INSTRUCTIONS FOR THE TASK: Look through the data below and extract, unchanged, the lines from the one that contains "KUIJKEN/LEONHARDT : J.S." to the one that contains "Hi Sam Krasmer", both included.

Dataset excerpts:

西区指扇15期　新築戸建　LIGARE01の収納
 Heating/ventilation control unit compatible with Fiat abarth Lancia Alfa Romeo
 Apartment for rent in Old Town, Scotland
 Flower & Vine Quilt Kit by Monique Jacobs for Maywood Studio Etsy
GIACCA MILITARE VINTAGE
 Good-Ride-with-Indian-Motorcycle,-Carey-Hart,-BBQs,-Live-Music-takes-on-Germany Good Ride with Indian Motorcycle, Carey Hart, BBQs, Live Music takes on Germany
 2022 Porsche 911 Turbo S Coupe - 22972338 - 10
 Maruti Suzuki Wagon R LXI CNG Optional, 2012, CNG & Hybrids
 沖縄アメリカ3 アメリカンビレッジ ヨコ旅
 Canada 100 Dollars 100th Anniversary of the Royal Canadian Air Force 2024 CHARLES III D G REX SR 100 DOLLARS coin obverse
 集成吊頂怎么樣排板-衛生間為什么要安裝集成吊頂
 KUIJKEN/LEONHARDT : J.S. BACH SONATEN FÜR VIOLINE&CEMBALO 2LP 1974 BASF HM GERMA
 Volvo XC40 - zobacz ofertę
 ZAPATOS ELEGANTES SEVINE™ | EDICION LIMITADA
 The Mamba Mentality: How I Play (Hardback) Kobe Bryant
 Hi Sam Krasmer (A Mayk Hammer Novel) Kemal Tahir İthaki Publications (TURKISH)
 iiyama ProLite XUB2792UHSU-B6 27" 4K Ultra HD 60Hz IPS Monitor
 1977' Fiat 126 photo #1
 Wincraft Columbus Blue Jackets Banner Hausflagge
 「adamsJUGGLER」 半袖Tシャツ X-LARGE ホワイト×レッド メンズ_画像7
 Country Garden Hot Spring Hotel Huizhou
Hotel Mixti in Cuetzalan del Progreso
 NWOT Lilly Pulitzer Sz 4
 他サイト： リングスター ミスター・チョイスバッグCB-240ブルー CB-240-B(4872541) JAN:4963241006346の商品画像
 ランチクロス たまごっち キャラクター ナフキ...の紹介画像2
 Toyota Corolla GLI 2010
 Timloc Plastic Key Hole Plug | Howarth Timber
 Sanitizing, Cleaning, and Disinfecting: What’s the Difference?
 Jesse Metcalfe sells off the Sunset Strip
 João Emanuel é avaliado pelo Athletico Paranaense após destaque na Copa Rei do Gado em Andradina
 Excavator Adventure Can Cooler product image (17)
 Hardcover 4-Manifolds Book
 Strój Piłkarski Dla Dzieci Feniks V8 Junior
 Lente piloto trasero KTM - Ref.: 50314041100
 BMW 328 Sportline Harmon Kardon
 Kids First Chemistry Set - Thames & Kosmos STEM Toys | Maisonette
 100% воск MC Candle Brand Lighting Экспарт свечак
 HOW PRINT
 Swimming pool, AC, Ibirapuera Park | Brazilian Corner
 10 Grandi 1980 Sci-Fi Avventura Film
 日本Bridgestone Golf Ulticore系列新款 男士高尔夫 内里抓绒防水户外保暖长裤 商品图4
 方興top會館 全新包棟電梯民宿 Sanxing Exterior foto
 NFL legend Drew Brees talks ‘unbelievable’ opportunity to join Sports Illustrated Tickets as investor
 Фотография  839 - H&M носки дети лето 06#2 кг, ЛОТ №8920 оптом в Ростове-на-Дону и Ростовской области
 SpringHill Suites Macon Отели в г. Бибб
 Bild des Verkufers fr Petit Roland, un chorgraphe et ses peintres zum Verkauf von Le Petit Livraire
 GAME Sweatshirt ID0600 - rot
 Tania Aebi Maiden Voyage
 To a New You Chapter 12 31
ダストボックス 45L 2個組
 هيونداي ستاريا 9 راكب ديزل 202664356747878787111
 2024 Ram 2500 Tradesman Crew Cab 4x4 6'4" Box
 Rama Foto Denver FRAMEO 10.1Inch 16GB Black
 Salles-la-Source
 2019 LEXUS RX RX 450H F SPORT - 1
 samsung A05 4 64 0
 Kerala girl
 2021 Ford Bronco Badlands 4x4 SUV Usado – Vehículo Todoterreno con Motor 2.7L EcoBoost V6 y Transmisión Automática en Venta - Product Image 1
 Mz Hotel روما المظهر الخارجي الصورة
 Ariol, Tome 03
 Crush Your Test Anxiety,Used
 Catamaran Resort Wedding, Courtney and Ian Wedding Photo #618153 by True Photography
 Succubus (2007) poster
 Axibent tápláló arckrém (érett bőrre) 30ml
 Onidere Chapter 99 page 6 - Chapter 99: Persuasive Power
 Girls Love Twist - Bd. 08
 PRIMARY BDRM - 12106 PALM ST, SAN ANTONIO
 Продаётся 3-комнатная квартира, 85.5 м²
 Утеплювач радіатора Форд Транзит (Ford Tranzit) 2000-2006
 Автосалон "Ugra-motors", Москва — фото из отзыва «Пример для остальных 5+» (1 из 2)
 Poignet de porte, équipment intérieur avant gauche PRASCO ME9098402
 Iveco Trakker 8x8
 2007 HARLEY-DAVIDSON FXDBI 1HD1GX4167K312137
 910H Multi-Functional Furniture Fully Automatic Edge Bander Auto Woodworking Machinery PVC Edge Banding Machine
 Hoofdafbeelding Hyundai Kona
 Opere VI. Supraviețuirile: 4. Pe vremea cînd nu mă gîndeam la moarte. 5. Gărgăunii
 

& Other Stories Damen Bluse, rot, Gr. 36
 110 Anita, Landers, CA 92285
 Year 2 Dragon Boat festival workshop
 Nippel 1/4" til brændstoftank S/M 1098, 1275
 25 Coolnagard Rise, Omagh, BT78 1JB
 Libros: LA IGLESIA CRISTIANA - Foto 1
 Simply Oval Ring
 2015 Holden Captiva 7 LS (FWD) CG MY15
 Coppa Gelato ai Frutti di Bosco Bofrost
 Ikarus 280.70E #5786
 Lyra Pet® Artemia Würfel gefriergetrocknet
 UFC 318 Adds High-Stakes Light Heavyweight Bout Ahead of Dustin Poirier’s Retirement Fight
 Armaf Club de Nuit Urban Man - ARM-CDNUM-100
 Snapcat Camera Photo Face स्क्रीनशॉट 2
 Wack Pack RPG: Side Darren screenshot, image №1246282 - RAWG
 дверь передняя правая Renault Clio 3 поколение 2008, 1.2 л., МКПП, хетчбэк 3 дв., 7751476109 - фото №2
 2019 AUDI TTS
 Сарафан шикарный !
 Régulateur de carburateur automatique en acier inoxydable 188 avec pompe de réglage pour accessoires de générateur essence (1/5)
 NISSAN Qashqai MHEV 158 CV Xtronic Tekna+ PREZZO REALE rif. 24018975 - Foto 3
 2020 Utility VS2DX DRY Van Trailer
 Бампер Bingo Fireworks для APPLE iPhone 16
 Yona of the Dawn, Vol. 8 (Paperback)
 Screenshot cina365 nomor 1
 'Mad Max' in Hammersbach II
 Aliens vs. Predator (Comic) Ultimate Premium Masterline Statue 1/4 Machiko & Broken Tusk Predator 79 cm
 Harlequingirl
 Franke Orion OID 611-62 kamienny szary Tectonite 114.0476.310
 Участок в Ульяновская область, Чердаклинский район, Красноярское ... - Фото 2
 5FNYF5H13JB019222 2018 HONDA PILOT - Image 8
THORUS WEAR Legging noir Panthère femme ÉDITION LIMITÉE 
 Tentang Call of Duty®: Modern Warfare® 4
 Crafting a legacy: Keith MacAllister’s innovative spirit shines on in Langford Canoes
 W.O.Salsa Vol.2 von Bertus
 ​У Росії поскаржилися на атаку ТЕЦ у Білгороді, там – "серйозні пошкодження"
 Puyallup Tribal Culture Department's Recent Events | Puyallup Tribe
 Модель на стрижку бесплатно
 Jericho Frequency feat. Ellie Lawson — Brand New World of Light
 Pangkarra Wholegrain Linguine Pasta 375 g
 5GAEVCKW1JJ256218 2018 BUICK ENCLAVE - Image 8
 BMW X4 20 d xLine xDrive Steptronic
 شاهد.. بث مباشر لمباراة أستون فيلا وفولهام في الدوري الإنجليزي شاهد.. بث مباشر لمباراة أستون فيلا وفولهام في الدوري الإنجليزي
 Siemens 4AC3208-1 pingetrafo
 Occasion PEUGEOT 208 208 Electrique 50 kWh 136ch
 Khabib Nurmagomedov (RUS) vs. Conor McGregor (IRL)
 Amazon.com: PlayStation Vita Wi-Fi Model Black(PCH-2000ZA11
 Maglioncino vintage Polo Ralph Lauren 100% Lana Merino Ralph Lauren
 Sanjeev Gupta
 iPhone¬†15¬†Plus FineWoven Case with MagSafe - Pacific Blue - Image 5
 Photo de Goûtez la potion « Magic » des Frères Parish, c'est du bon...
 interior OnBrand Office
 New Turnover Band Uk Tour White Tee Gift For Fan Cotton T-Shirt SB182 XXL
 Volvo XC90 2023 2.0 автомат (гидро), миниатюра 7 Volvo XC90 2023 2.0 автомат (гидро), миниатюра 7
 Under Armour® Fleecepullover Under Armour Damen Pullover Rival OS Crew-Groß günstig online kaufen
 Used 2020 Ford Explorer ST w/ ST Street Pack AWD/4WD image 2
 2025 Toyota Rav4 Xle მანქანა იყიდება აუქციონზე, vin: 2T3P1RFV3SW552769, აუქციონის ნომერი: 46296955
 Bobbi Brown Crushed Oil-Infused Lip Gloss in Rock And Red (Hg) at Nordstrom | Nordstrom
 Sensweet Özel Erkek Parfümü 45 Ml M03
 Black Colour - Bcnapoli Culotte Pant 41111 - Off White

TASK OUTPUT:
 KUIJKEN/LEONHARDT : J.S. BACH SONATEN FÜR VIOLINE&CEMBALO 2LP 1974 BASF HM GERMA
 Volvo XC40 - zobacz ofertę
 ZAPATOS ELEGANTES SEVINE™ | EDICION LIMITADA
 The Mamba Mentality: How I Play (Hardback) Kobe Bryant
 Hi Sam Krasmer (A Mayk Hammer Novel) Kemal Tahir İthaki Publications (TURKISH)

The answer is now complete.